Why Christians Should Love Trump’s Tweets

Seaborn Hall, 7/08/17

Michael Brown’s recent Don’t Sell Your Soul In Defense Of President Trump argues that Americans should not “sacrifice their ethics” or demean their faith in defense of Trump’s recent tweets. Mika and Morning Joe of MSNBC fame, in a culmination to consistent lowbrow and voracious attacks on the President, recently claimed that he is not mentally or emotionally fit for office. Trump responded with his own attack. According to Brown, Christians who come to the defense of Trump “tarnish” their witness and “discredit” themselves. They should be “ashamed of his Twitter attacks.” They should “find these tweets embarrassing.”

Well, I don’t. Usually I respect and appreciate what Brown has to say, but here he completely misses the point. First of all, I think we can all agree that President Trump should omit any variants of the term “blood” from all future tweets. But, the issue is not whether we should show ‘blind allegiance’ to President Trump – we should not – or whether we should be trying to coach the President on the language of his tweets/responses to those in the liberal media. We should really leave that to him as well – he has proved by his election win that he understands how to combat dark forces. Part of Brown’s argument is that “when he [Trump] does this he ultimately hurts himself.” But that is not only not the issue, it is a misinterpretation of the media parries.

A more recent Brown essay, The Tweeting President: Madman Or Master Manipulator?, compares the possible positive and negatives of Trump’s tweets, generalizing on one point that, “Trump can do no wrong in the eyes of his most devoted followers.” And perhaps it is true about his most devoted followers, or perhaps not.
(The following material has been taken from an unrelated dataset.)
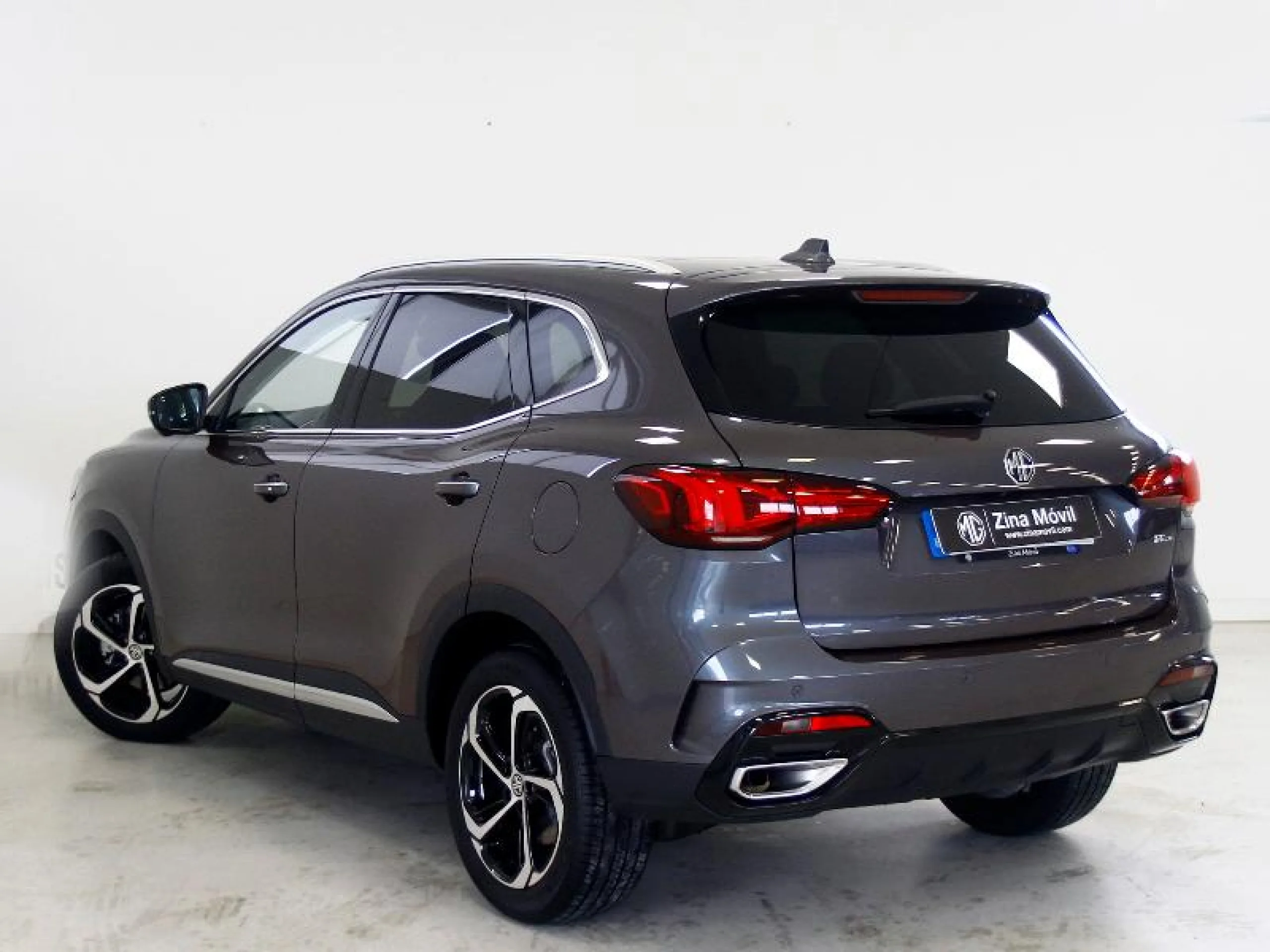 MG HS 1.5 TURBO GDI LUXURY - Foto 19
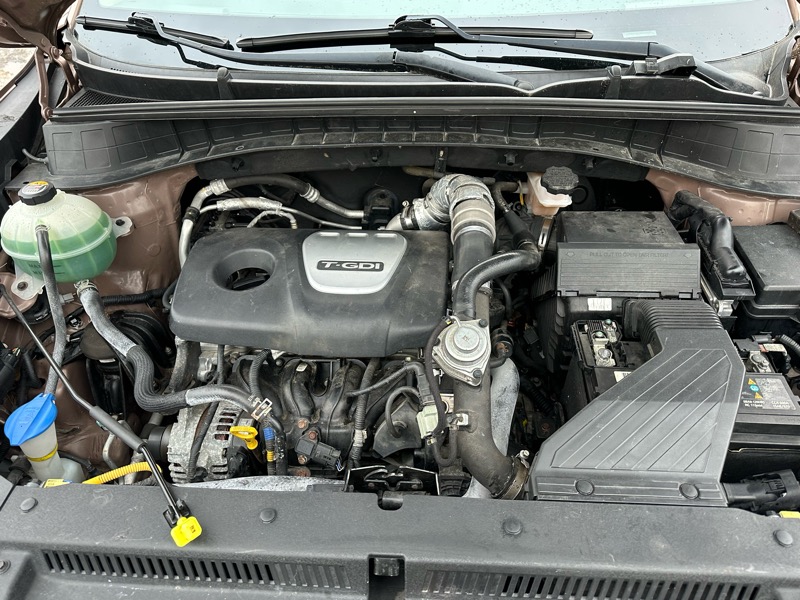 Hyundai Tucson Limited 2017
But overall, in the eyes of many of his Christian supporters it is not true.

According to Brown his main point in writing is not Trump’s behavior, but Christian affirmation of it. But the two come together within the radical change that has occurred in political culture over the last two decades or so and the best way to fight that change. The real issues are understanding Trump, understanding the playing field, and, as Christians or others who might mis-understand, understanding appropriate strategy and responses on that field. Newt Gingrich has recently addressed the first, I will focus here on the later two.

The New Reality: The Playing Field Is A Battlefield

First, I would like to point out that affirmation of Trump’s tweets is not necessarily the same as affirming the same type of behavior in an intimate personal setting. Trump is the President. Anything he does becomes ‘Presidential’ by definition and should be interpreted on a national scale. This means an apparent personal attack is not just a personal attack, it becomes something bigger. The question is, “What?”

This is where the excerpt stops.